De retour à l'intérieur, Élise s'effondra dans son fauteuil, l'esprit en ébullition. Elle ouvrit les documents qu'elle avait pu emporter discrètement du hangar et tenta de les analyser. Certains semblaient liés à des itinéraires maritimes, d'autres contenaient des codes incompréhensibles. Mais ce fut une note manuscrite, griffonnée à la hâte, qui attira son attention :
"Les étoiles cachent la clé. Valmont est le début, pas la fin."
Ces mots, mystérieux et énigmatiques, ravivèrent sa détermination. Valmont, un nom qui revenait sans cesse dans cette enquête. Si c'était le début, comme le disait cette note, alors peut-être trouverait-elle là-bas des réponses qu'Antoine refusait de lui donner.

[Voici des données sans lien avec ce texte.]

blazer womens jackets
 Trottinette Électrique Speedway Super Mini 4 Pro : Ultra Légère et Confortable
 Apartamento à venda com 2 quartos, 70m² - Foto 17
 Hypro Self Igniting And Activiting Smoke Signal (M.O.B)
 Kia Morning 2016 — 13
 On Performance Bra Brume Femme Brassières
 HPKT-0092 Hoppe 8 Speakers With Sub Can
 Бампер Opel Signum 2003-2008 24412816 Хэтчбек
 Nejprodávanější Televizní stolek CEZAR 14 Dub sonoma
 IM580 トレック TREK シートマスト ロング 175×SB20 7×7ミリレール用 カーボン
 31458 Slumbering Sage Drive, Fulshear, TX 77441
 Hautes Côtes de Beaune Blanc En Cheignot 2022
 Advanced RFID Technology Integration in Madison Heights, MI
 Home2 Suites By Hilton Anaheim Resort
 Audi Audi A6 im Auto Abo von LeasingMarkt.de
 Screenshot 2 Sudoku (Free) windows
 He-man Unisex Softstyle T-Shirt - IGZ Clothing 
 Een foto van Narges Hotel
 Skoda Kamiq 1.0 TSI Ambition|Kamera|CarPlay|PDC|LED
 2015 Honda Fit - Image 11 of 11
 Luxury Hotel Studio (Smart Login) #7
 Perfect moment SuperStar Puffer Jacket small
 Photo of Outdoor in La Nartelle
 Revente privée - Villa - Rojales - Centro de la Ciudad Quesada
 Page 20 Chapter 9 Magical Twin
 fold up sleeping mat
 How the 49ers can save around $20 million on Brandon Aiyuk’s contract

Ce qu'Élise ignorait, c'est qu'Antoine, à cet instant, était retourné à son atelier, où il se tenait devant son bureau, les mains tremblantes. Il ouvrit un tiroir et en sortit une photo de Thomas et lui, prise à bord du Lune de mer.
- "Je suis désolé, mon ami," murmura-t-il, ses yeux fixant le visage souriant de Thomas sur la photo.
Antoine savait que le passé finirait par le rattraper, tout comme il savait qu'Élise finirait par découvrir ce qu'il avait fait. Mais il espérait pouvoir retarder ce moment aussi longtemps que possible, car lorsque la vérité éclaterait, elle détruirait plus que des souvenirs.